Rick was born into a family of moonshiners, railroad men, and unionized ALCOA factory workers in the foothills of the Smokies. He grew up in Nashville. He lived in Kentucky, Florida, and Alabama before, like Davy Crockett, ending up in Texas, where he teaches literature and writing, writes about literature and philosophy, and occasionally makes poems.

One thought on “On the Something There Is

  • The following poem is about an alternative to land value taxation.
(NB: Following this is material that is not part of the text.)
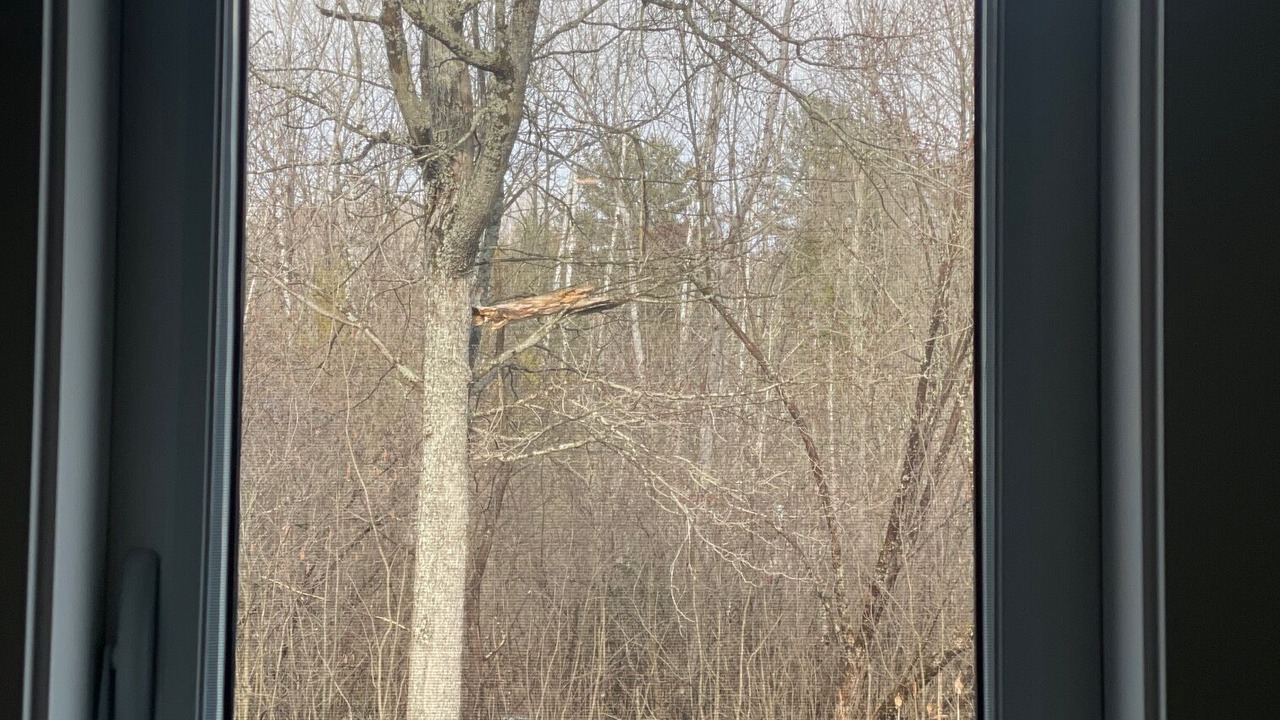 Photo of Others in Muskoka Lakes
There is a close connection with the landlordism and the walls needing repair.

    A MORE STEALTHY GEORGIST CAT

    The Georgist cat is small and lean
    And often doesn’t get to be seen.
    It hides in the branches of an economic’s-tree
    So it takes a long while for you or for me,
    To appreciate its cute and original form
    That the landlords are so ready to scorn.

    The economic’s-tree has many fine branches
    (On which we contend, there are no free-lunches).
    Whilst the land-owning rich in the city all claim
    As bloated capitalists, that they’re not to blame
    For the gap that lays ‘twixt the poor and the wealthy,
    But oppose any tax to make our nation healthy.

    Have you heard the tale of a committee, that
    Thought to bell and get warning of a fat cat?
    But could not find a soul to apply this device,
    Because typically all were a council of mice!
    Our Georgist cat has a bell ready-fitted,
    (Which makes this analogy more to be pitted).

    This warning sound makes our ideals unwanted,
    For a new tax is how politicians get doubted.
    So the Georgist cat fails to catch any mice
    That pose as landlords, along with their vice.
    But how shall we silence the bell’s warning sound
    And quieten the news that our pussy’s around?

    Our Georgist feline is in serious error,
    ‘Cause its bell draws attention not only to whether
    Valuable sites can be ethically shared,
    But also the rent from a site is declared
    As the means to replace other kinds of taxation,
    Which obviously causes the landlords vexation.

    In the economic’s tree many other beasts lurk
    But are missed, after learning of Henry G’s quirk
    Through the cat-finder’s recently brilliant discovery.
    This writer seeks a new means for recovery
    From our politi-unacceptable claim,
    And stealthily project LVT once again.

    If we would but examine some more of the tree
    Alternatives are waiting there for us to see.
    Among them is hiding a far better way
    For an equivalent LVT effect, to stay
    In essence, without causing such evil offences
    To the landlords and their partitioning fences.

    When a property-owner decides to sell–quick
    The gov’ment buys its land, and not the public!
    Its occupant then leases it for a similar fee
    To the One-Tax of Henry George’s decree.

    Any buildings on-site should be sold as previously
    But without the land, on which the price grievously
    Had risen, with huge speculation in its advance
    That stopped entrepreneurs from having a chance.

    The cost of this land must be raised through new bonds
    Which the government sells and the public responds,
    ‘Though their interest-rate’s a bit lower than rent,
    Their returns are more stable than the average tenant!

    This process will take many years to complete–
    So its financial support is no great money feat.
    After the lease-fees begin to collect,
    Gov’ments can tax less, and firmly expect
    To pursue this policy without change, until
    All the lease-fees are site-rents in the Gov’ment’s till.

    With the land properly shared, the government sees
    That site development stays with the current leasees.
    Other taxes that cause so much trouble and hate
    Are scrapped, with great pleasure to all in the state,
    Except for some bankers and the tax collectors
    Whose actions no longer apply in these sectors.

    Land-rights will be shared through this simple device,
    By a fast-growing country that takes our advice.